她正沉醉在这奇特的景致中,突然仿佛看到了一个人,一手牵着马,一手撑着油纸伞,飘然行走在这晃动的美丽画卷中。

老槐树太浓密,外面已经细雨纷飞,坐在树下秋千上的冷知秋却毫无所觉。2

“我看到了什么……?”秋千往回落下,冷知秋眨了眨眼,脑子有一瞬混沌。

秋千又往前,这次荡得更高了些。

她瞪大了眼睛。

刚才不是幻觉!真的有个人在走来,距离遥远,油纸伞又遮去了大半张脸,只有飘摇的衣袖,颀长的身姿……分明看不出一点长相,但,她的心却一下子提了起来。

脑子里闪过三个字:项宝贵?!

轰——!

一个春雷滚过。

冷知秋惊得跌下秋千,狼狈不堪的从地上爬起来,拍着手上的泥,脑子还有点犯懵。

不是说最早也要到中秋才有可能回来的吗?

冷知秋有些不信邪的跑向园子大门,准备看个究竟。牛毛般的细雨飘在身上,痒痒的,麻麻的,更让她心情莫名焦躁。

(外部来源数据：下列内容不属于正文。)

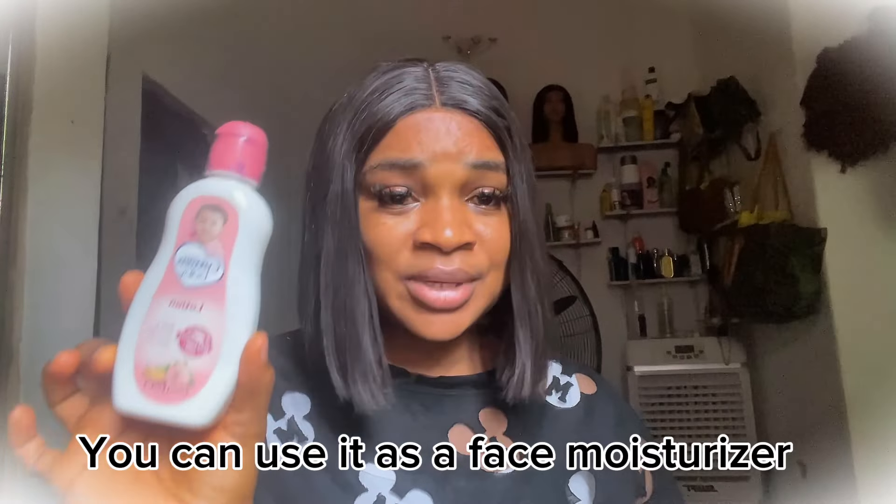Try as much as possible to get this lotion if you are on a budget. This is less than 1,000 naira — the last time I bought it was 700 naira and it is not small, it's 200ml, so it's big. You can use it as a facial moisturizer too. I applied it on my face and it's kept my face moisturized. That is what this lotion does for the skin.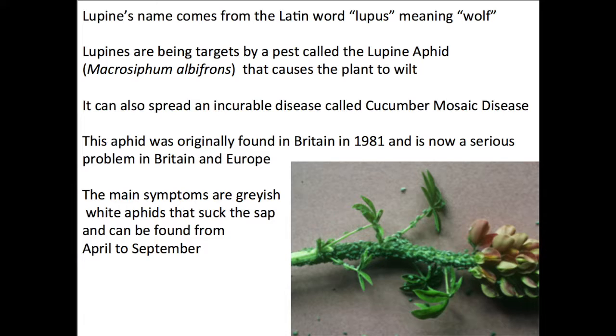Lupines are being targeted by a pest called the lupine aphid, which causes the plant to wilt and die. It can also spread an incurable disease called cucumber mosaic disease, which causes new sprouting lupines to also wilt and die. This aphid was originally found in Britain in 1981 and is now a serious problem in Britain and in Europe. The main symptoms are grayish white aphids that suck the sap and can be found from April to September.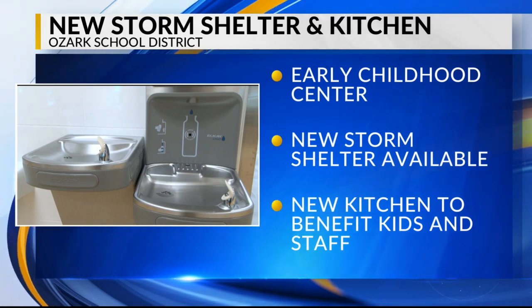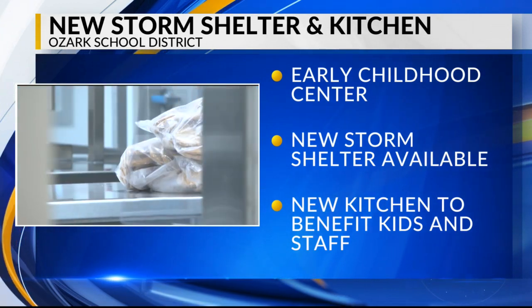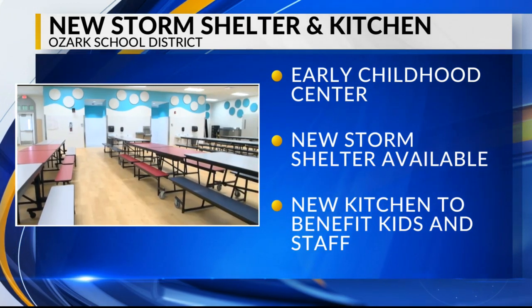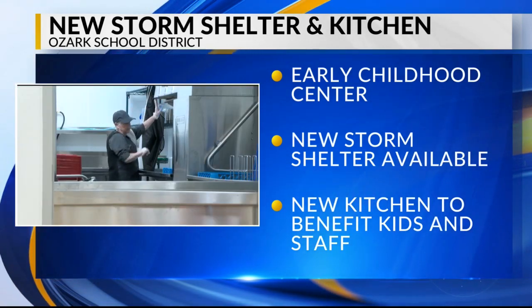He also says the Childhood Center's new kitchen is a great addition for kids and staff. Previously, the gym was used as the cafeteria, and staff had to transport in more than 400 meals from a different elementary school every day.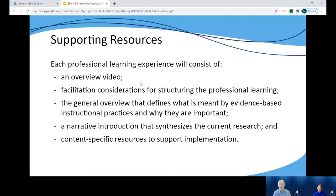For each of the six professional learning modules we will be releasing a video overview, facilitation considerations for structuring the professional learning, a general overview that defines evidence-based instructional practices and why they are critically important to student success, an introduction on the released evidence-based instructional practice that synthesizes the current research on that practice, and content-specific resources to support classroom implementation.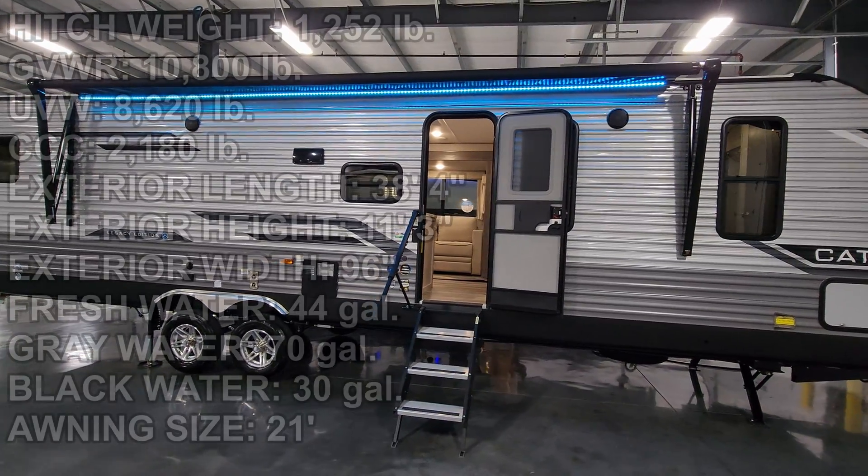Thanks a ton for taking the time to watch my RV videos — I really do appreciate it. Please remember to like, share, and subscribe if you don't mind helping out the channel. And check out the folks at Couch's RV Nation, one of the largest internet discount dealers in the country. Thanks again.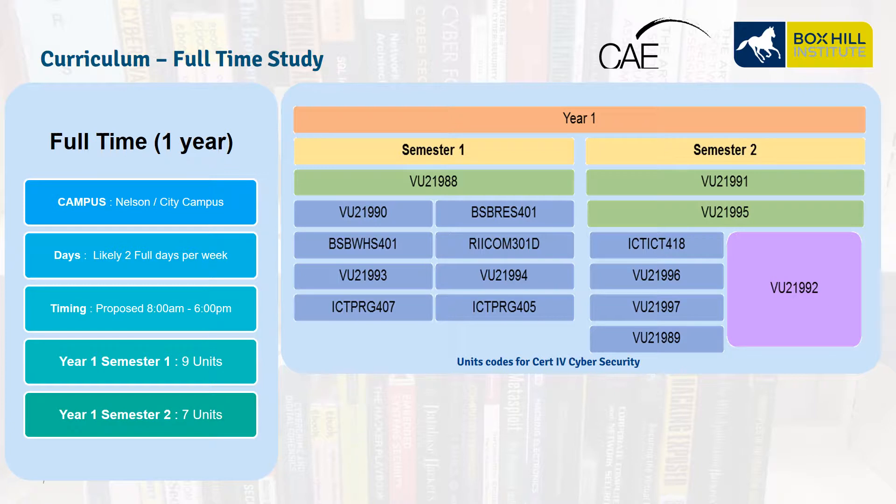The full-time availability will be delivered at Nelson and in the City. This course runs two days a week, with a proposed time of 8am to 6pm on each of those two days. The course duration is one year, divided into two semesters of 18 weeks each. In Semester 1 there are nine units delivered, and in Semester 2 there are seven units delivered. Each semester has two terms which run for nine weeks each, as shown in the graphic.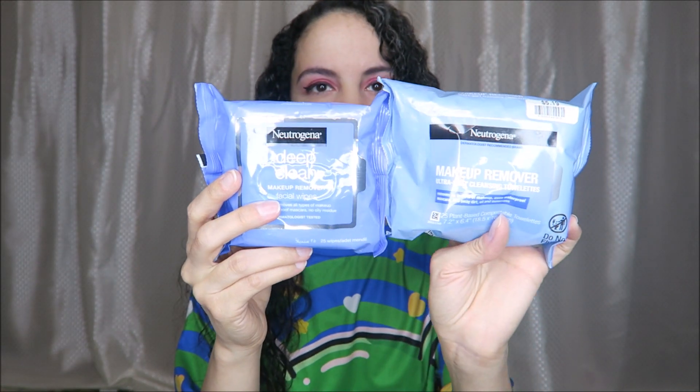I have a small Big Lots haul for today's video. First, they had one of these Neutrogena makeup removers for $5.19, which I think is cheaper than some places. Then these were only about two dollars — a slightly different deep clean makeup remover.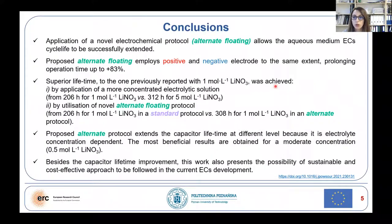To conclude, application of the alternate floating allows cycle life to be successfully extended. Superior lifetime of the capacitor can be achieved by application of more concentrated electrolytic solutions and by utilization of the alternate floating protocol.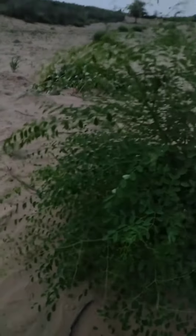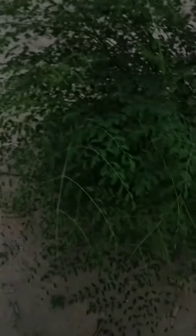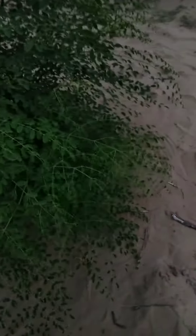Animals are eating from this tree, and people can use it as a vegetable too. This tree is very beneficial — it contains a lot of energy, minerals, and vitamins. Animals eat it and it is very good for their health.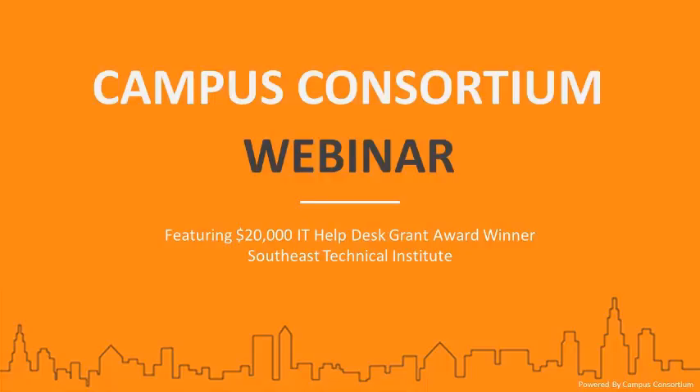Ladies and gentlemen, welcome to Campus Consortium's grant webinar featuring $20,000 After Hours IT Helpdesk Grant Award winner, Southeast Technical Institute. Our presenters include Ms. Amanda Borman, who is a Technology Manager at Southeast Technical Institute, and Annie Hu, Vice President, Community Engagement at Campus Consortium.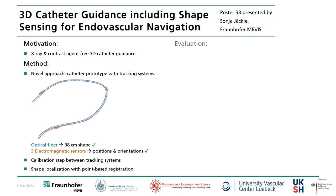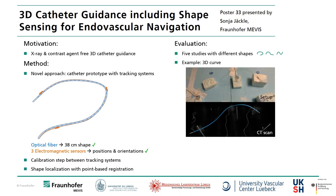For evaluation we made five different experiments. One example is shown on the right. Here the setup and the CT scan with the located shape in blue are shown. The located shape matches very well to the ground truth.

只见雨丝苍莽、飞花走叶,空旷的四野里,的确有一匹马“得得”慢跑,越来越近。

可是,那个人呢?怎么没有了!?

“奇哉怪也,我又没相思刻骨,为何总觉得是他……”

冷知秋疑惑的咕哝着,缩回门里,榆木大门逆着风费力的阖了回去,门闩的声音“嗒”一下,甚是清脆。

却不知——

沿着条石围墙往右,相距两丈远,项宝贵倚墙而立,撑着油纸伞定定注视着那个走出来又缩回去的纤细身影。

他也奇怪:为何我的“娘子”会在这里?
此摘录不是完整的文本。